▶ Recorded information:
* * * * * * * * *
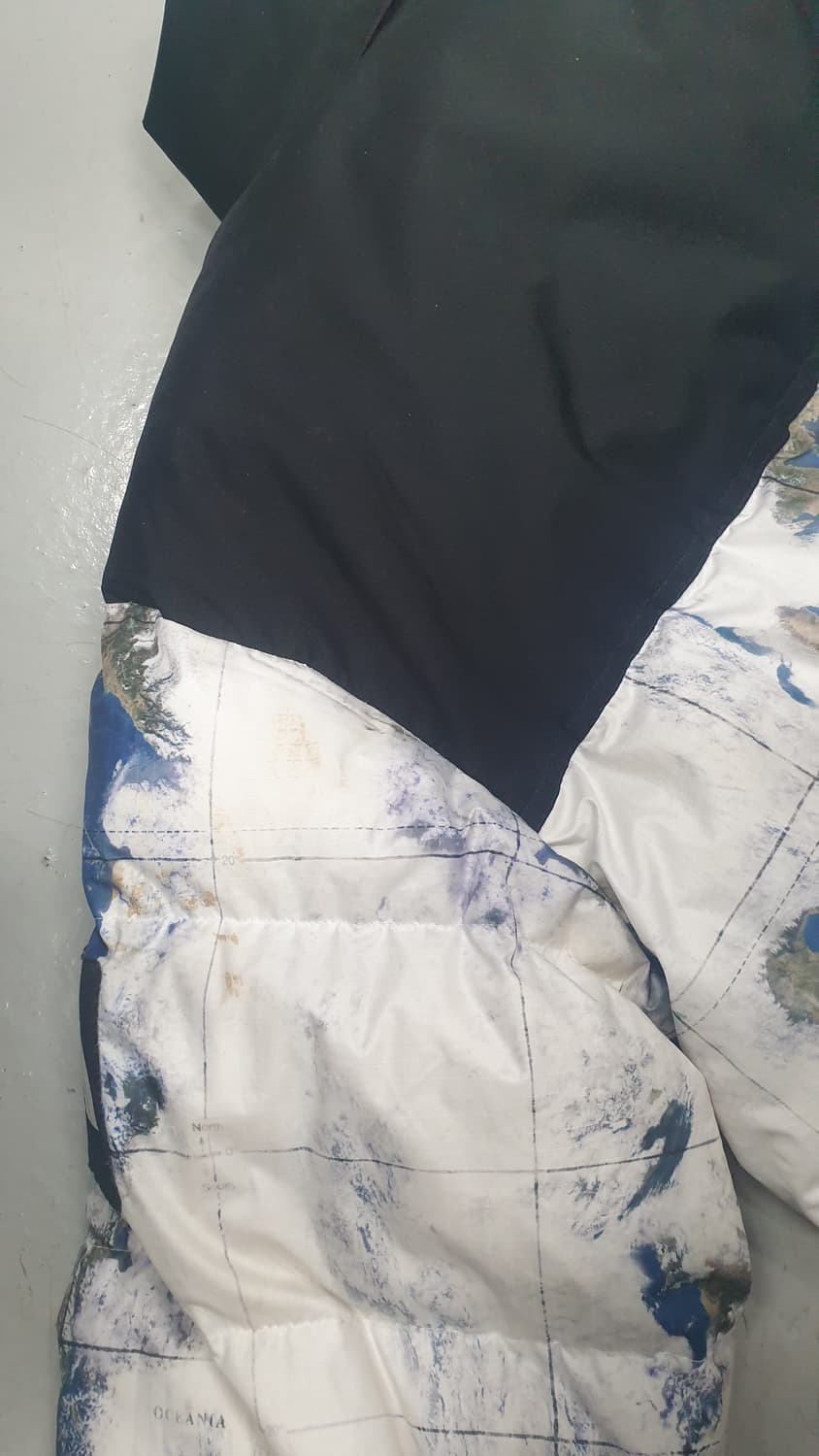 노스페이스 지구 눕시 패딩 S 상품이미지7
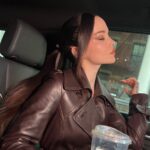 Dove Cameron Instagram - early mornings/late nights in @coach 🧸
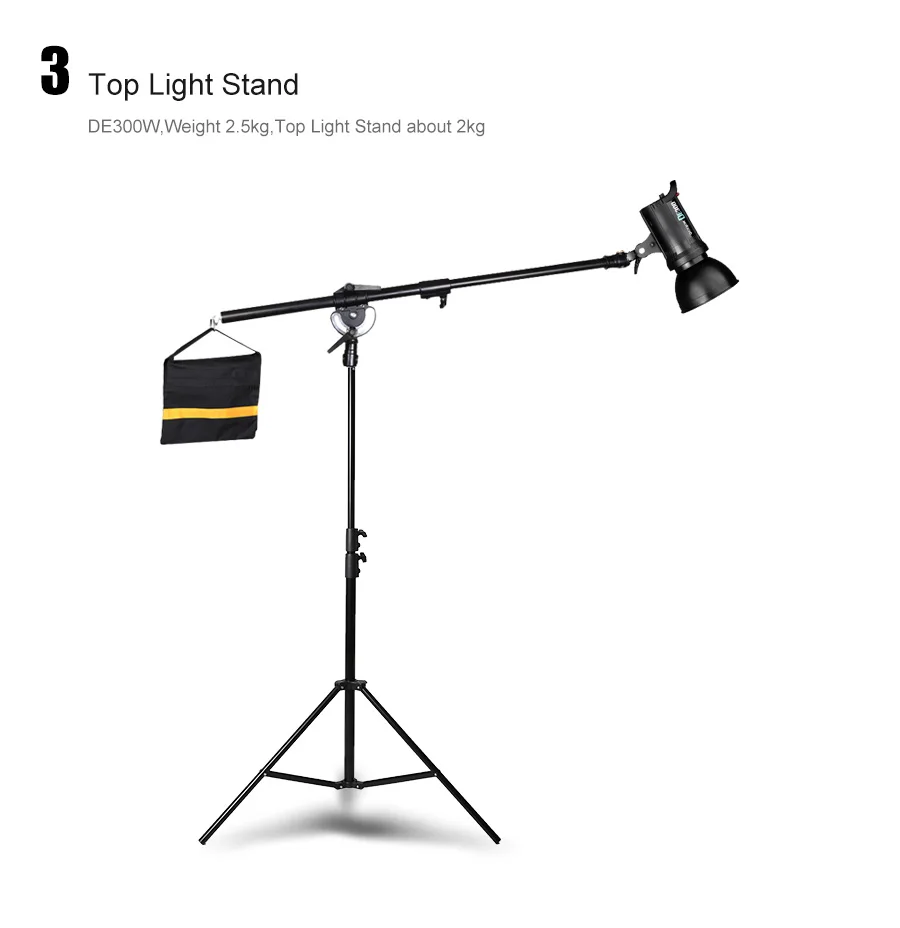 Godox, 280 см, 2,8 м, 9 футов, Профессиональный сверхмощный светильник, подставка для Френеля, вольфрамовый светильник, ТВ-станция, студийный фото-студийный штатив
* * * * * * * * *
Word for word, retype all of the data above, but include no pictures.

 노스페이스 지구 눕시 패딩 S 상품이미지7
 Dove Cameron Instagram - early mornings/late nights in @coach 🧸
 Godox, 280 см, 2,8 м, 9 футов, Профессиональный сверхмощный светильник, подставка для Френеля, вольфрамовый светильник, ТВ-станция, студийный фото-студийный штатив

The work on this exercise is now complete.